_RECORDS FOR THIS EXERCISE_
* * * * * * *

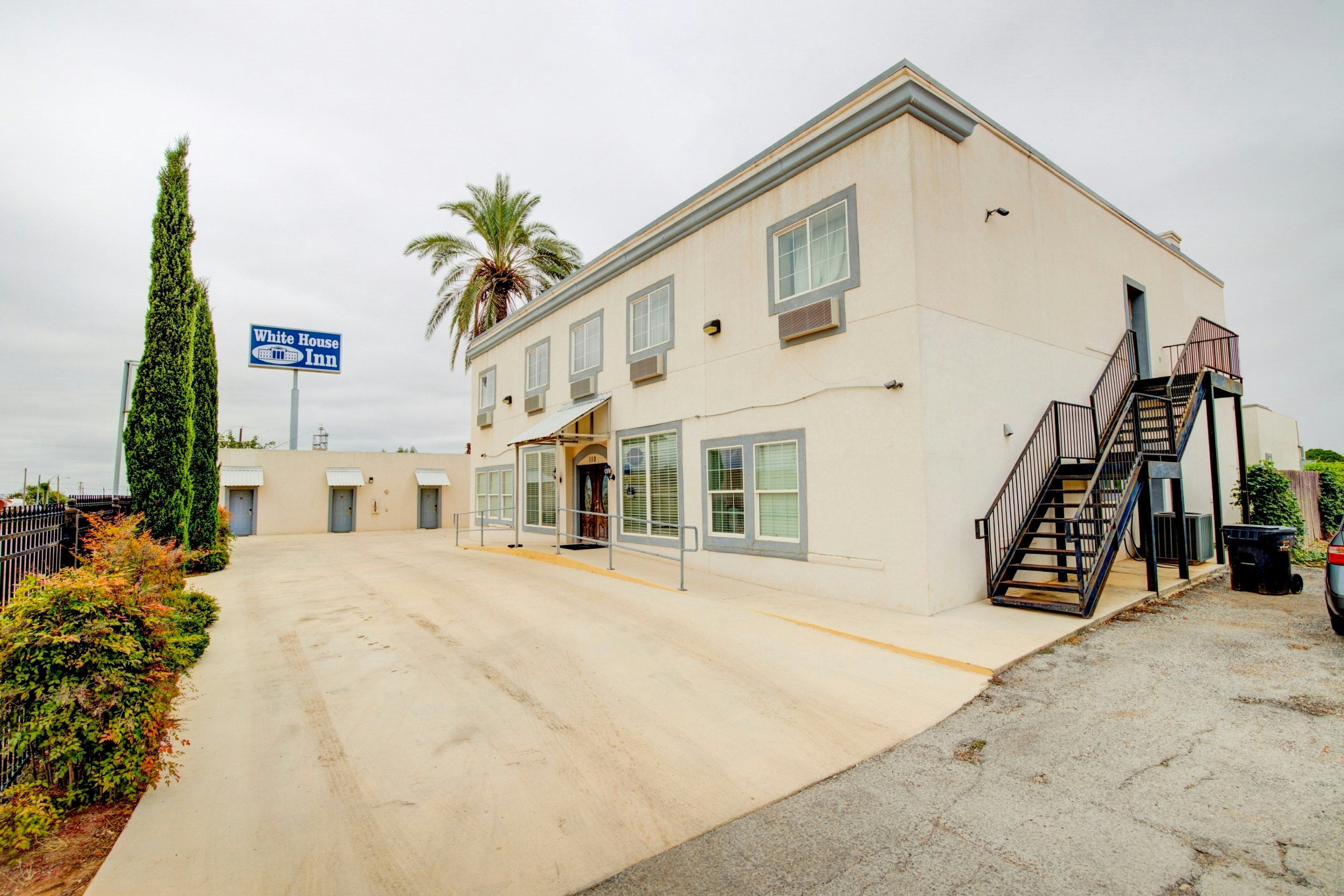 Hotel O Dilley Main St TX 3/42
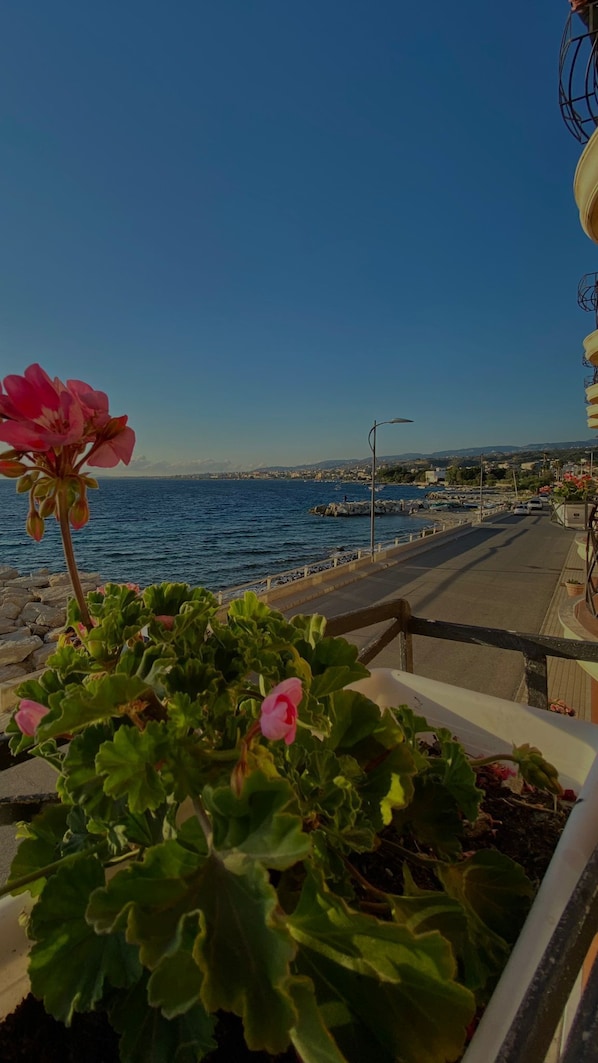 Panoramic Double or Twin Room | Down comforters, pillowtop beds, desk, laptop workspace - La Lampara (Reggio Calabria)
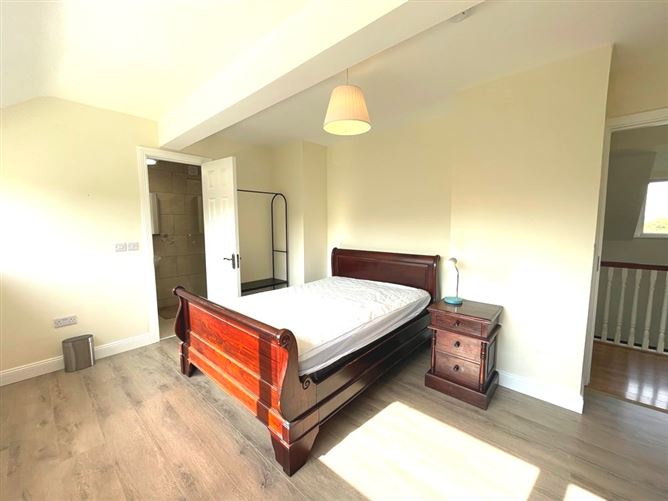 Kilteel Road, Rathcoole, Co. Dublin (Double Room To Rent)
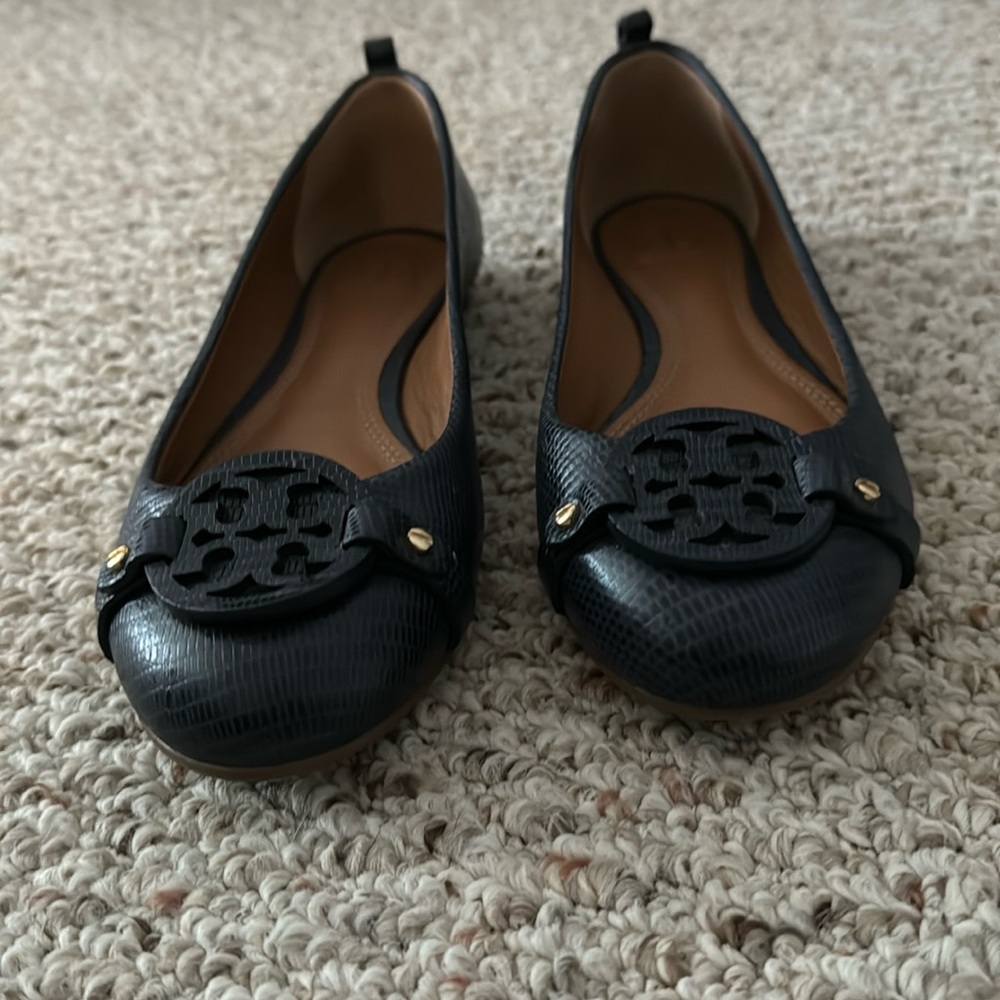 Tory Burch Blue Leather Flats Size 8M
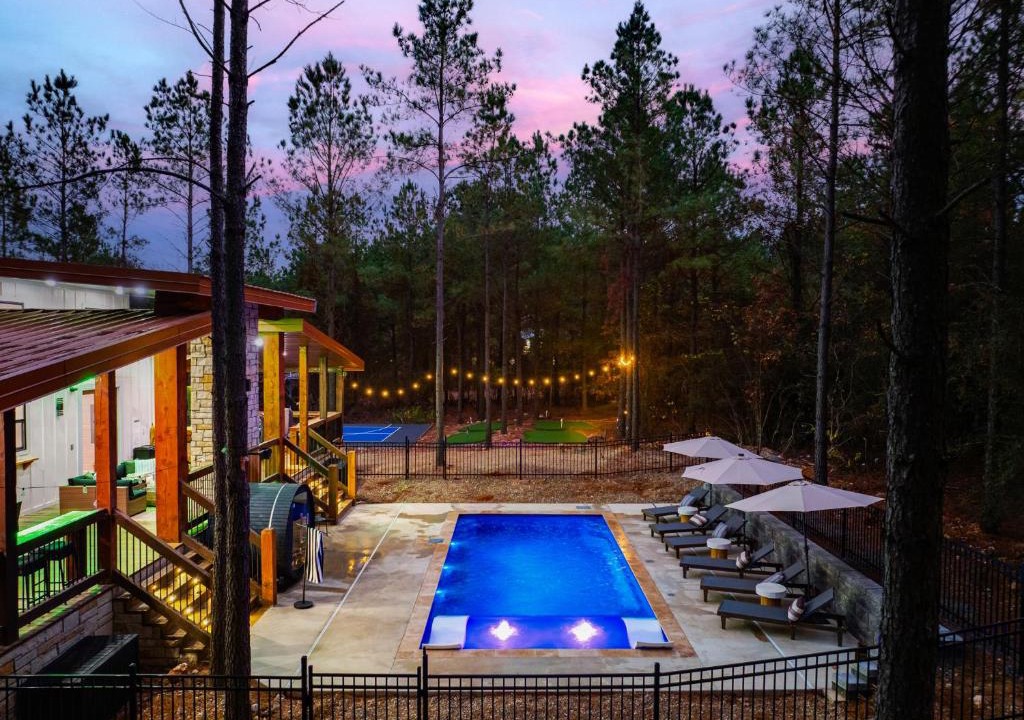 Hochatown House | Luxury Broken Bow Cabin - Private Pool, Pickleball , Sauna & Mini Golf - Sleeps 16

* * * * * * *

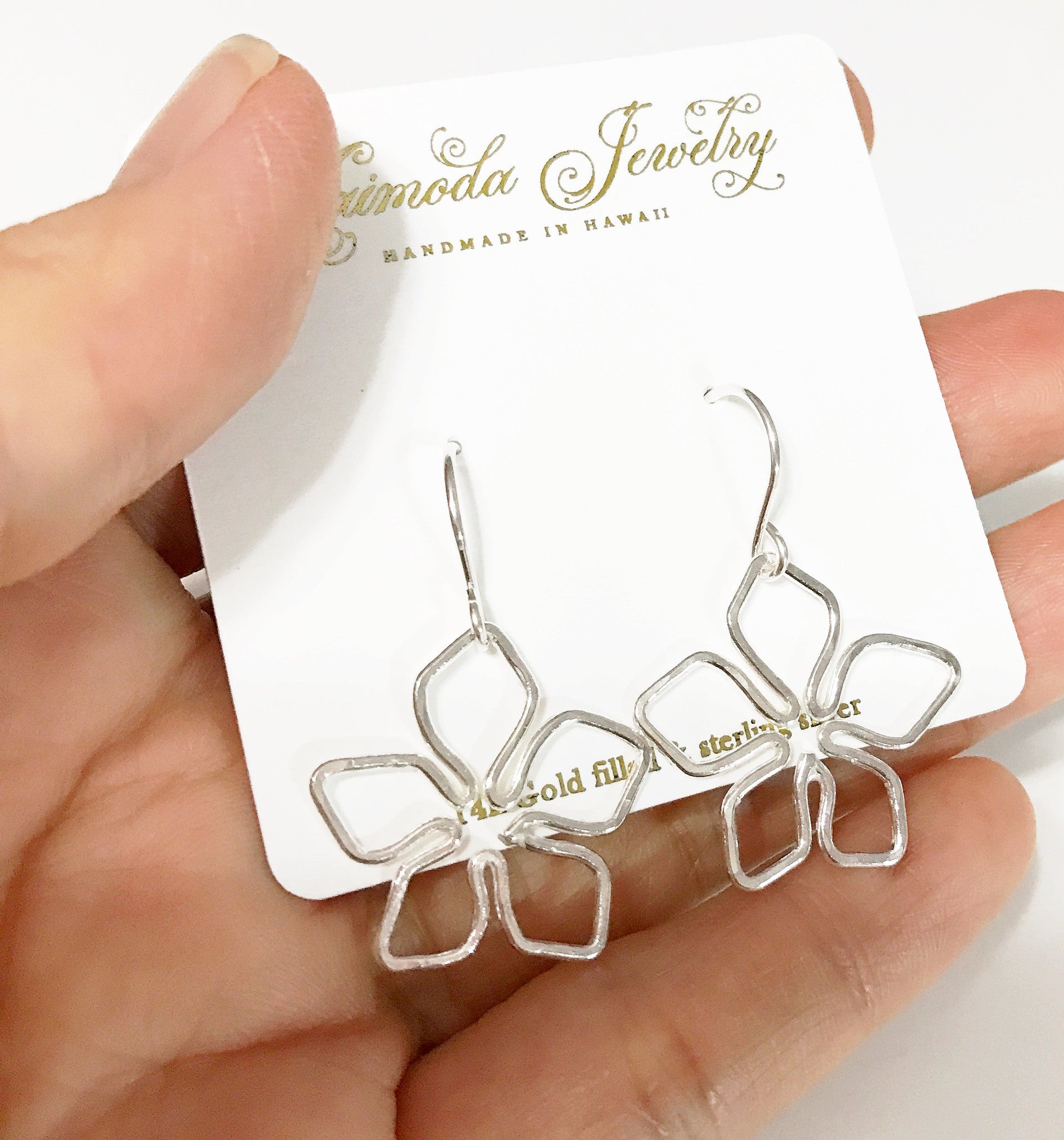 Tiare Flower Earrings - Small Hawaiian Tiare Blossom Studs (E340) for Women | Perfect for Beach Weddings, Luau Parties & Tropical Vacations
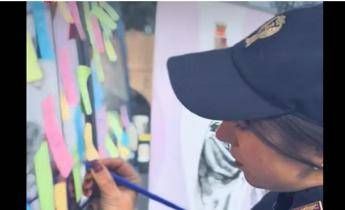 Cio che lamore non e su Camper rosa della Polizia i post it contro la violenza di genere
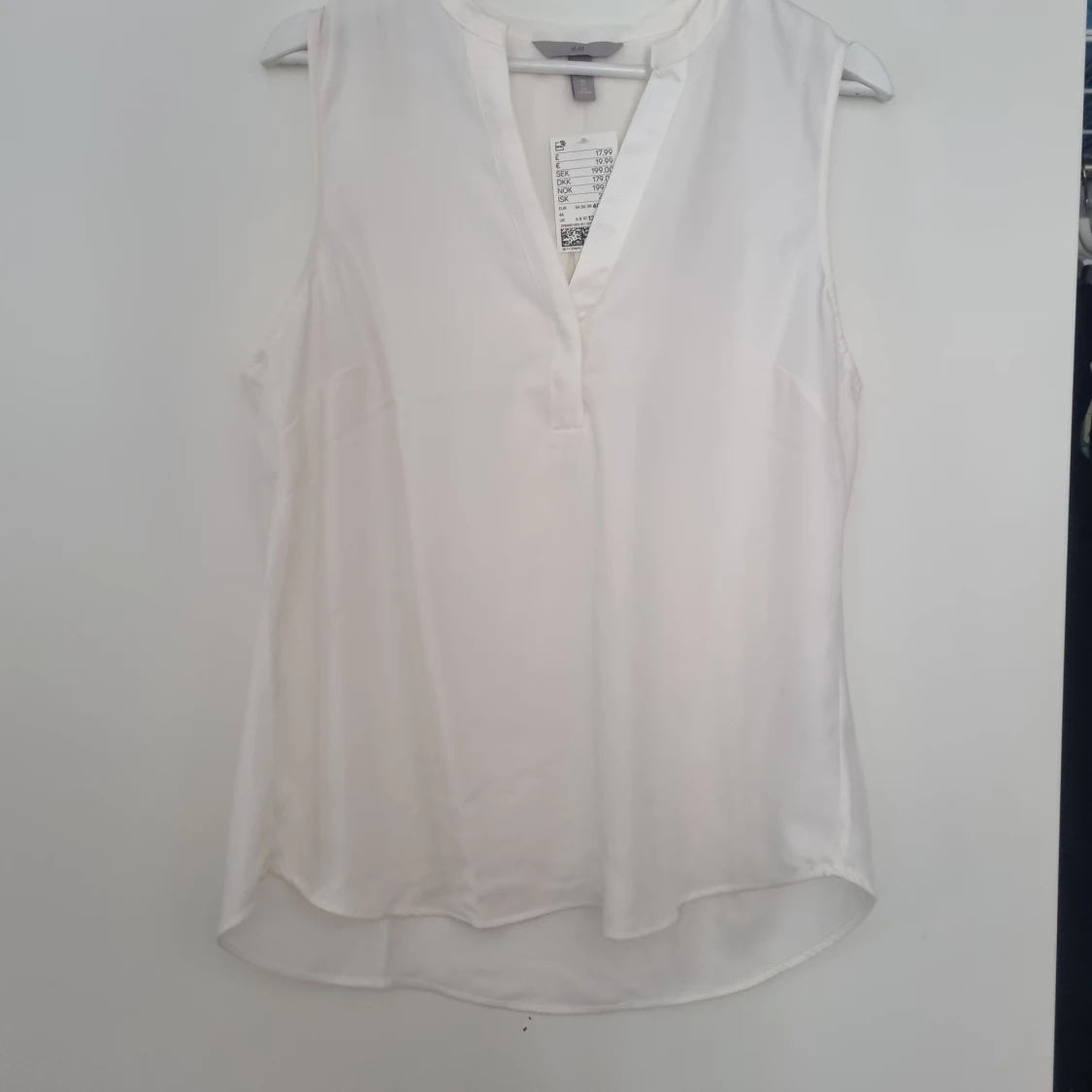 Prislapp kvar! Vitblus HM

* * * * * * *

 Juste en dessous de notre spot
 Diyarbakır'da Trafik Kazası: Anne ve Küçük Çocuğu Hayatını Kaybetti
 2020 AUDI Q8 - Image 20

* * * * * * *

_WHAT THE TASK ASKS_
Although the records hold pictures, the copy must not; give again exactly the lines from the one with "Tiare Flower Earrings" through the one with "Prislapp kvar! Vitblus HM".

_ANSWER SPACE_
 Tiare Flower Earrings - Small Hawaiian Tiare Blossom Studs (E340) for Women | Perfect for Beach Weddings, Luau Parties & Tropical Vacations
 Cio che lamore non e su Camper rosa della Polizia i post it contro la violenza di genere
 Prislapp kvar! Vitblus HM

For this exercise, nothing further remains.